# Gorilla Axle Warranty Question...



## kylej1291 (Mar 21, 2010)

i bought a brand new set of gorilla axles about 10 months ago through yaskyatv i called to order and gave card number over the phone.. 2 days later they arrived i immediately took them out of the box and installed.. threw the box away.. and i just broke one.. and dont have the ORIGINAL receipt like the gorilla terms of warranty states that i must have... WHAT DO I DO! i dont have the cash to buy another 350 dollar axle right around cristmas. is there any other way around this?


----------



## Bootlegger (Dec 18, 2008)

Call Greg at Gorilla. Yasky ATV is a good place. Joel will probably have your sale on file. I would call Greg McMullen at Gorilla. MAKE SURE YOU TALK TO HIM and no one else...lol. If you need his email let me know as well. I'm sure they will take care of you.

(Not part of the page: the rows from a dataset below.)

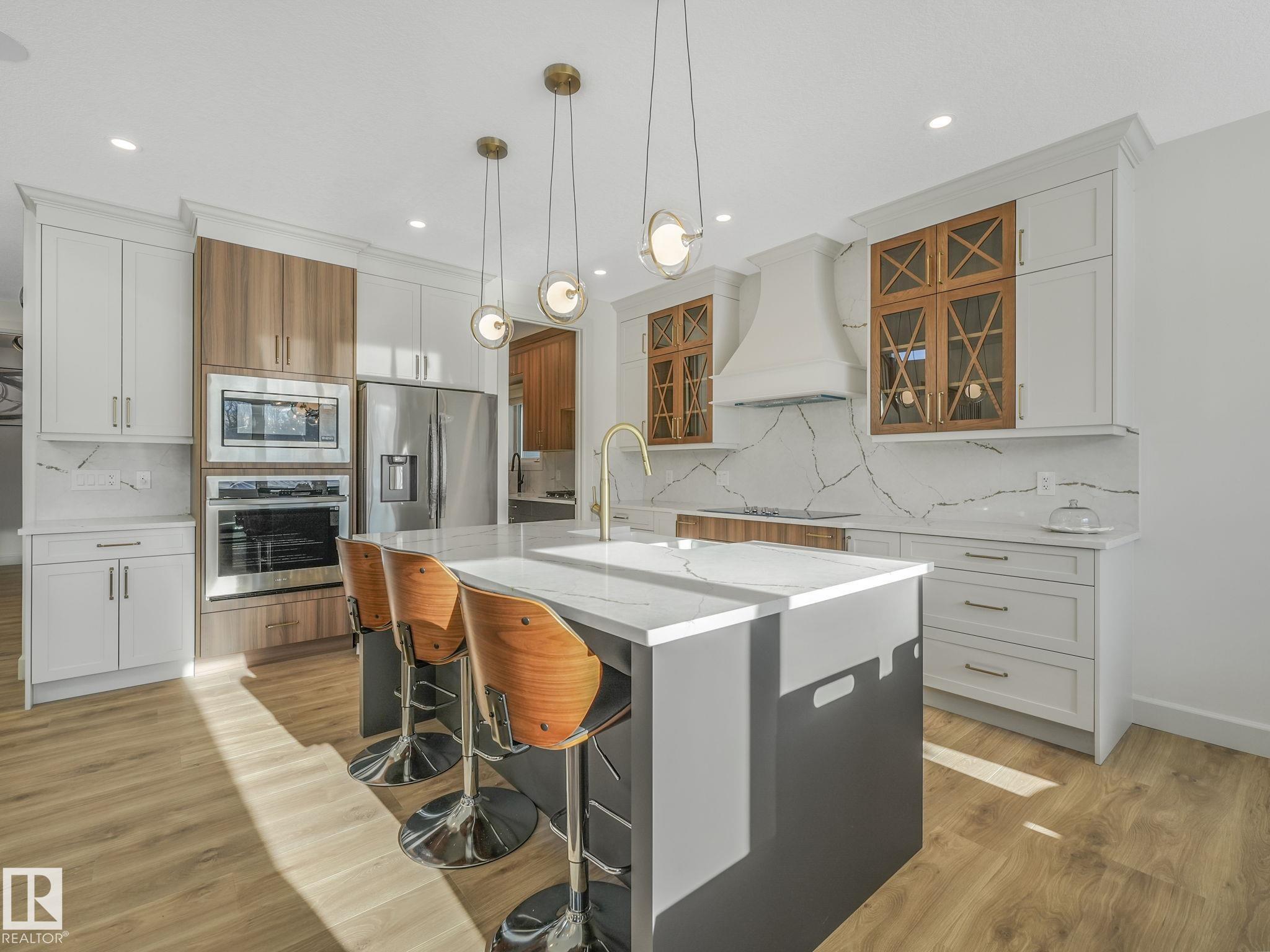 Photo 33 at 62 Fenwyck Boulevard, Fenwyck, Spruce Grove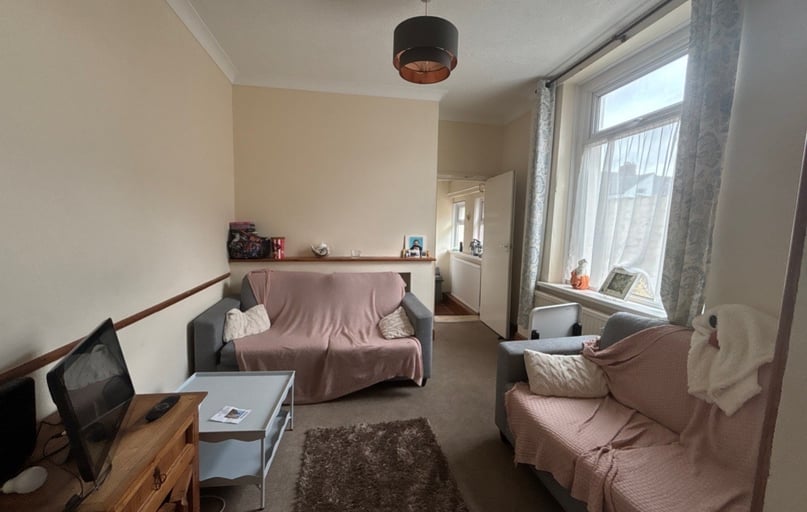 Cathays, Cardiff - Image 1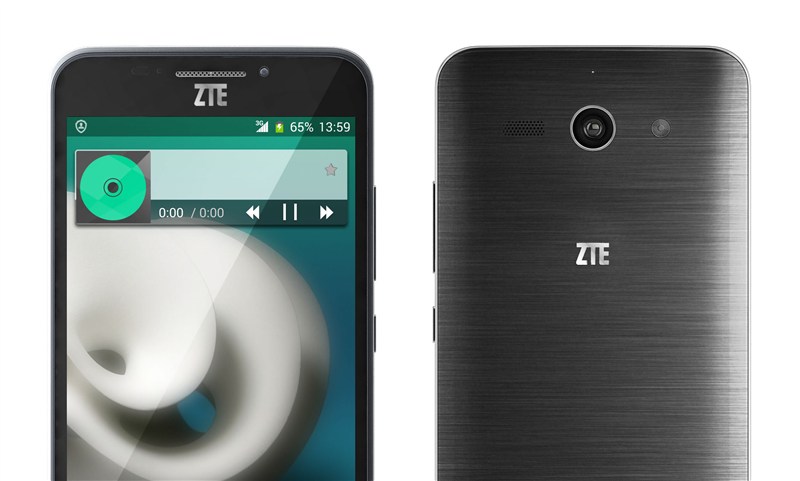 Zte grand s2 android 6 0 Zte grand s2 android 6 0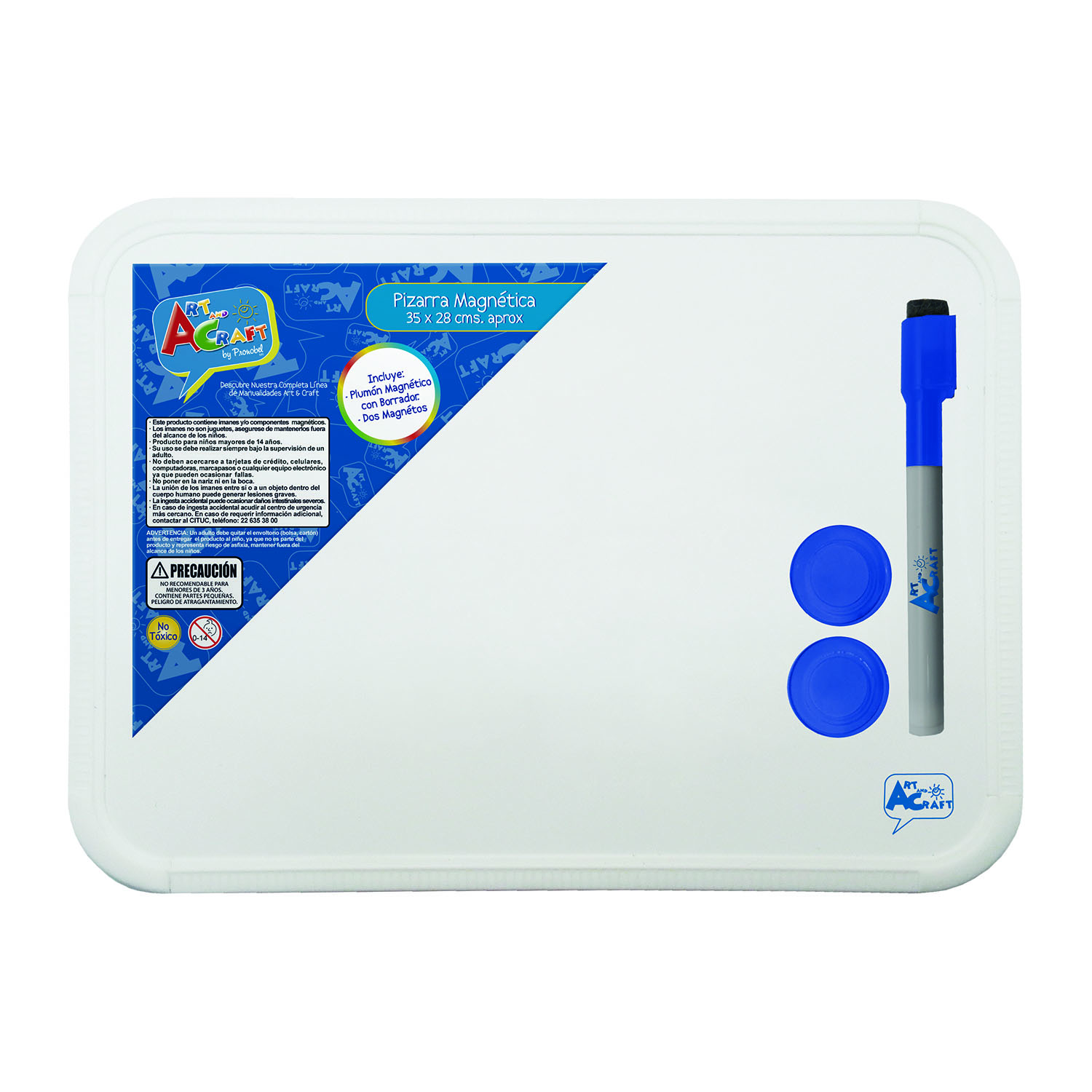 Imagen principal del producto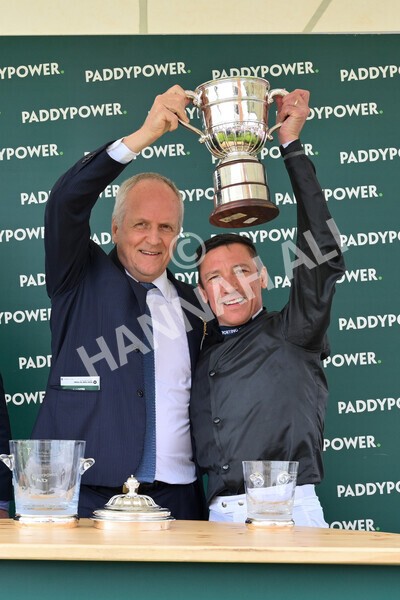 yr13052022r4-134 - Race 4 3.35pm The Paddy Power Yorkshire Cup (British Champions Series Race)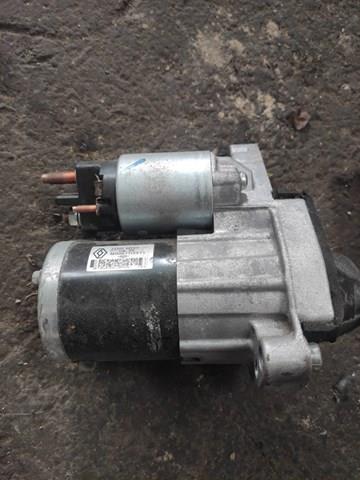 Comprar 233006662R Nissan/Infiniti Motores de arranque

Just make sure you do it as soon as you can before the warranty is up.


----------



## TxMudGurl (Nov 17, 2010)

What he said!!


----------



## kylej1291 (Mar 21, 2010)

i called around and noone could come up with a reciept. i dont even use that bank wit hthat debit card any more. i didnt order on a account online or with email adderess. just a normal over the phone order. . i did talk with someone at gorilla and when i get home i got to find out if the shaft is a 19 or 22 spline and i can buy the shaft alone for 75$ so im gonna just go that route. make things a bit easier.


----------